→ Exercise requirements: Would you please retype, exactly, the lines of the listing below between the line with "winter storm Huge" and the line with "PRO RUN COMPRESSION", inclusive?

→ Provided records:
- Opening Delimiter -

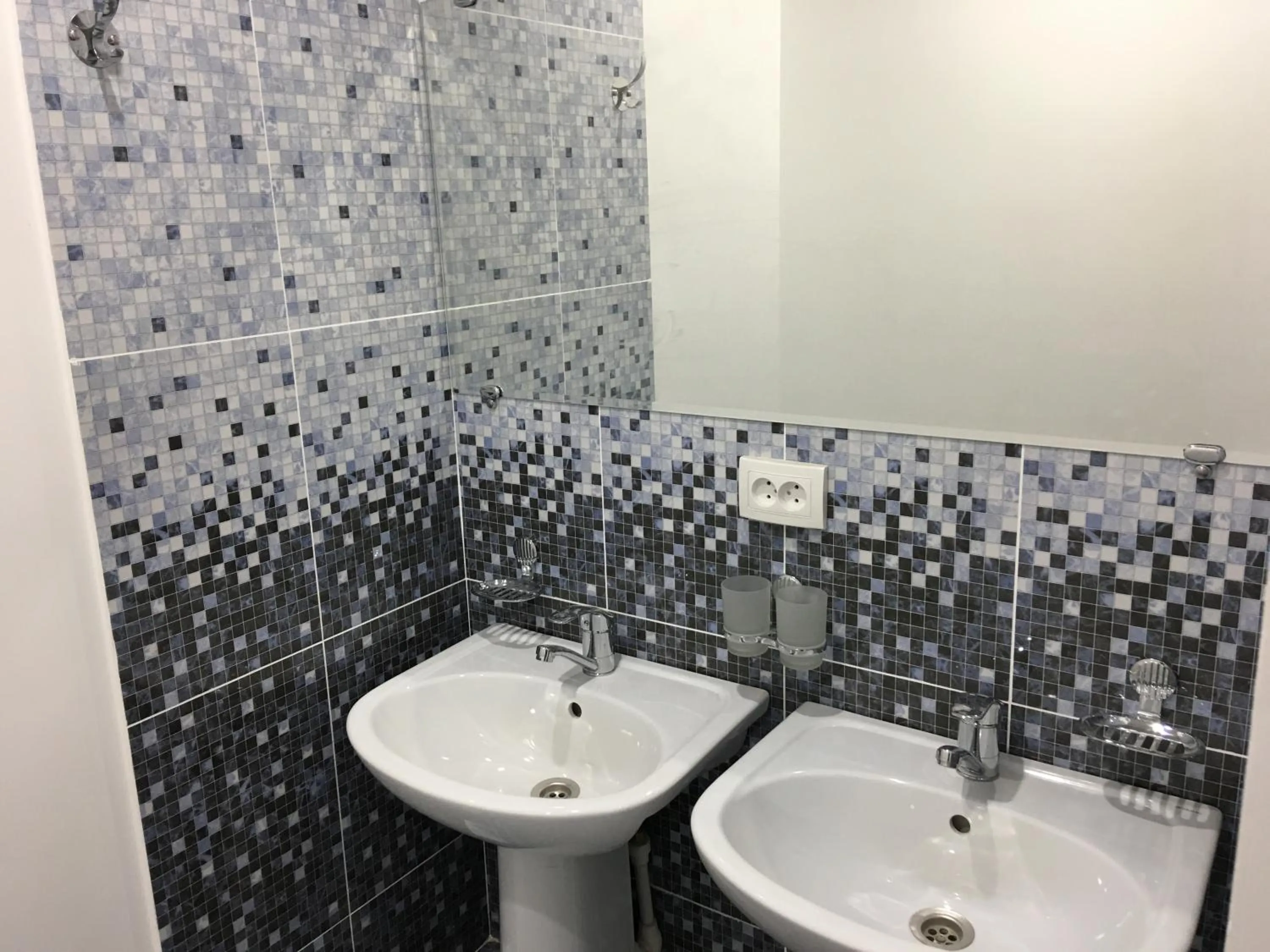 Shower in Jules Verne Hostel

- Closing Delimiter -
- Opening Delimiter -

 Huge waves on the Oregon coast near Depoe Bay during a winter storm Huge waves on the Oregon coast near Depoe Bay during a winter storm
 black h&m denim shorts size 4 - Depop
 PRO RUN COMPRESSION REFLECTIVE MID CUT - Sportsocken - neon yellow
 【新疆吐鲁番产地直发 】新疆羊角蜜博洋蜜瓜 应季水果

- Closing Delimiter -

→ Answer:
 Huge waves on the Oregon coast near Depoe Bay during a winter storm Huge waves on the Oregon coast near Depoe Bay during a winter storm
 black h&m denim shorts size 4 - Depop
 PRO RUN COMPRESSION REFLECTIVE MID CUT - Sportsocken - neon yellow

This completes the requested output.